Restate exactly, and only, the lines spanning from the one with "高清大图下载【趣麦麦图】团圆佳节" to the end of the records below.

════

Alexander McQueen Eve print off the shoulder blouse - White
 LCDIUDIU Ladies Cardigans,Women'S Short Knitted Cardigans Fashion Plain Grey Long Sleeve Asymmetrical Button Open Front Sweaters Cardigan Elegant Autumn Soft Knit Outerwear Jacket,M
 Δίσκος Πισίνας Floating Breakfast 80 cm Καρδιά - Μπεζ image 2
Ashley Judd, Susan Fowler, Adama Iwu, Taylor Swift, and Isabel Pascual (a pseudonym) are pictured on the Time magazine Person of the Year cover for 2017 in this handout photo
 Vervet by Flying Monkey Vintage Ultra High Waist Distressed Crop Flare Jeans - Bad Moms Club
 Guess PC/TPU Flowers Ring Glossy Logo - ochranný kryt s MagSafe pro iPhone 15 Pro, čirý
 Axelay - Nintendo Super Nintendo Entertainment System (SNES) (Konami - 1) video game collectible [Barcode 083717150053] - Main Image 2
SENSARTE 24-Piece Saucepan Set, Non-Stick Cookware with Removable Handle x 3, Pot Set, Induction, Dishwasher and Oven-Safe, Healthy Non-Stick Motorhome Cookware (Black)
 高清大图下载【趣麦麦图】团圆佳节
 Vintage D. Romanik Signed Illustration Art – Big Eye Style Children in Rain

════

# [Solution to this problem]
 高清大图下载【趣麦麦图】团圆佳节
 Vintage D. Romanik Signed Illustration Art – Big Eye Style Children in Rain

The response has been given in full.